Bab 1 Mimpi

13 1 2
                                    


"Ayuningtiyas kesini mendekatlah cucuku!" gadis bernama lengkap Ayuningtiyas menunjuk dada, saat seorang nenek tua tak dikenal melambaikan tangan.
"Aku, Nek?" jawabnya.

"Iyah kamu! Kesini jangan takut!" Rupanya Si Nenek membaca keraguaan di wajah Ayu. Ketika melihat kening ayu membentuk wiru.

"Baiklah, Nek. Kalau boleh tahu Nenek ini siapa?" tanya Ayu, netranya bertemu dengan tatapan wanita tua yang terus memandanginya. Senyum manis tersungging dari bibirnya hingga membentuk kerutan di pipi.

"Kau cucu buyutku, usiamu sudah cukup untuk menerima wasiatku," ujarnya. Membuat gadis dua puluh dua tahun itu semakin bingung.

"Eu, maksud Nenek? Aku keturunanmu?" tanya Ayu yang kini diliputi rasa aneh lantaran tidak mengerti dengan apa yang diucapkan Nenek yang baru Ia kenal.

"Namaku Srinty, sudah lama aku menunggumu, aku tidak akan merasa tenang kalau belum menyerahkan wasiat kepada keturunanku yang sudah ditentukan, mendekalah kesini!" Bagai dicocok hidung, gadis cantik yang sebentar lagi lulus kuliah S1 jurusan seni melangkah hingga di depan wanita tua yang masih belum melepas senyum.

Wanita yang berbaju kebaya warna kuning bermotif sisik ular piton itu mengulurkan tangan, segera meraih lengan Ayu. Sebuah keris kuningan seukuran jari kelingking anak kecil di telapak tangan kanannya terlihat mengkilap mengeluarkan cahaya silau. Ayu menutup mata dengan tangan sebelahnya.

Kemudian wanita tua itu membuka jemari tangan Ayu, lalu meletakan benda tersebut ke telapak tangan gadis yang terlihat gemetar dan berusaha menarik tangannya. Rasa panik menyerang dirinya saat dia tak berhasil melepaskan tanganya dari genggaman tangan Si Nenek.

"Apa ini Nek?

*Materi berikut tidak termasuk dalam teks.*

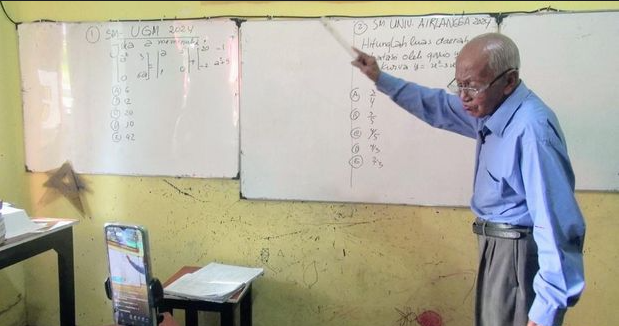 Kelas Rahasia: Guru Mengajar dari Tempat Misterius via Live Streaming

Benda apa ini?" tanya Ayu masih berusaha melepaskan tangan. Benda berbentuk pusaka keris mirip seekor ular kecil kini sudah ada di telapak tangannya.

"Pejamkan matamu lalu genggam, benda itu akan meraga sukma ke dalam dirimu," ujar wanita tua yang mengaku nenek buyutnya. Wanita itu perlahan merapatkan jari Ayu untuk lebih keras menggenggamnya. Gadis itu tak lagi berontak, kekuatan pengaruh dari sorot mata Nenek tua membuatnya hanya pasrah dan mengikuti intruksinya. Ayu merasakan telapak tangannya seperti menggenggam balok es, dingin mengalir merasuki tubuh hingga sebuah suara menyadarkannya.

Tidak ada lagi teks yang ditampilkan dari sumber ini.